> Collected data:
»»

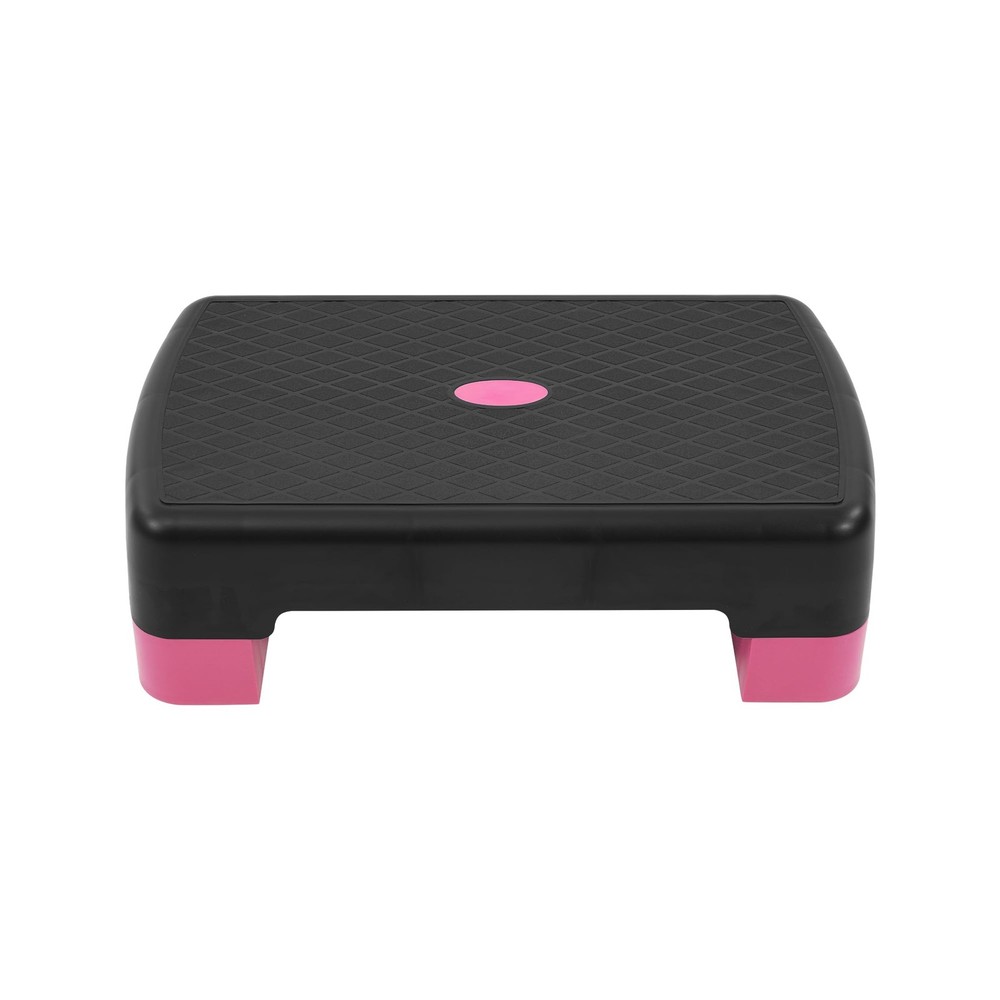 18" Aerobic Step Platform, Workout Stepper with Adjustable 2 Stackable Risers...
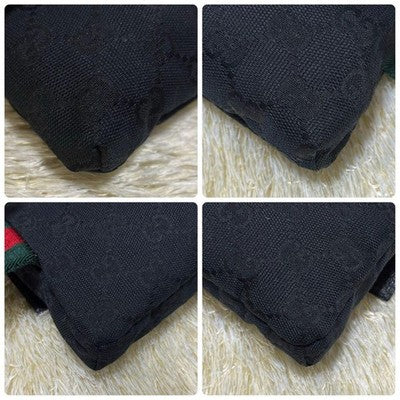 GUCCI GG CANVAS SHERRY LINE BLACK CROSSBODY BAG AUTHENTIC NEAR MINT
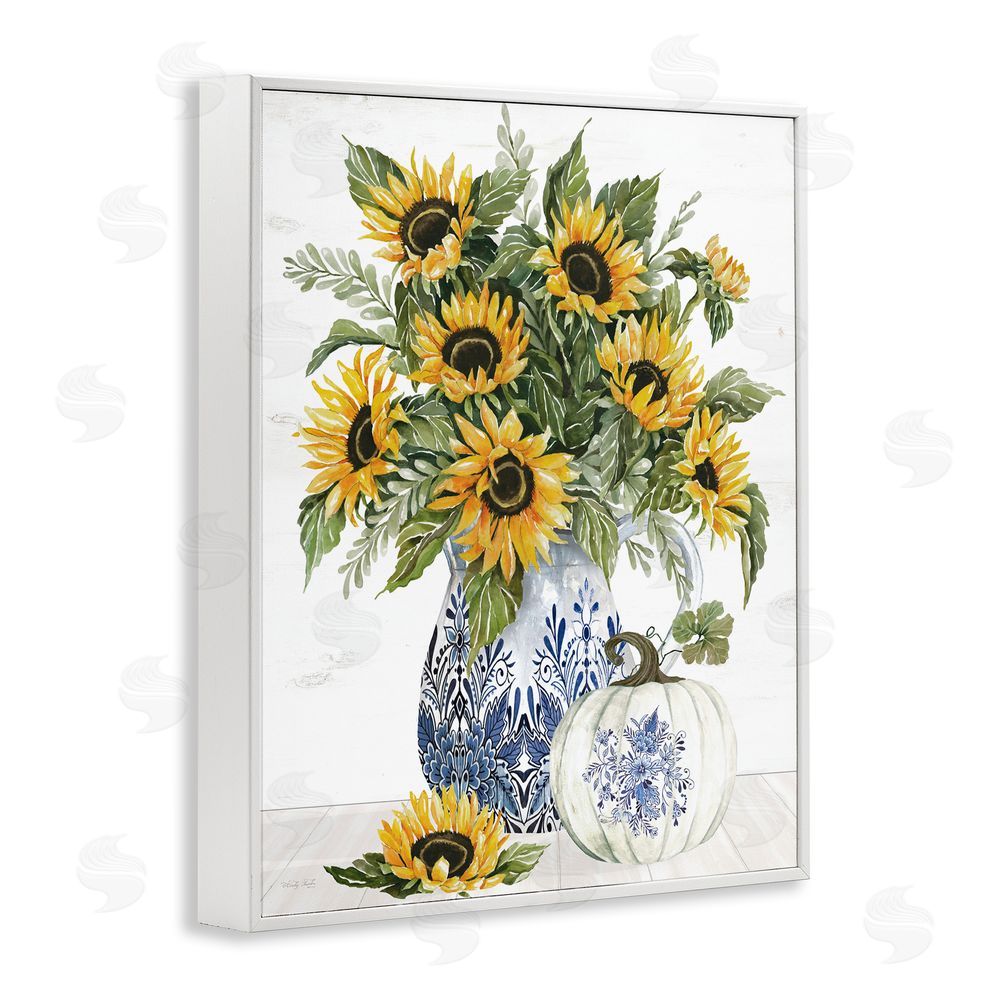 Cindy Jacobs Imperial Autumn Sunflowers White Framed Giclee Wall Art Print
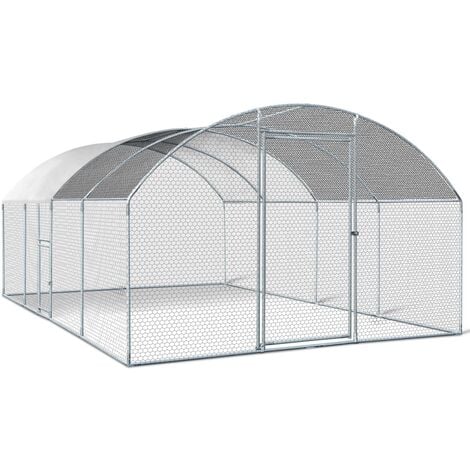 Enclos poulailler dôme IDMARKET - 15 m² - Parc grillagé 3x5 M - Avec porte latérale - Naturel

««

> The problem: Leave the pictures out, and reproduce only the lines from the line holding "GUCCI GG CANVAS" through the last line of the material, both included.

> Exercise result:
 GUCCI GG CANVAS SHERRY LINE BLACK CROSSBODY BAG AUTHENTIC NEAR MINT
 Cindy Jacobs Imperial Autumn Sunflowers White Framed Giclee Wall Art Print
 Enclos poulailler dôme IDMARKET - 15 m² - Parc grillagé 3x5 M - Avec porte latérale - Naturel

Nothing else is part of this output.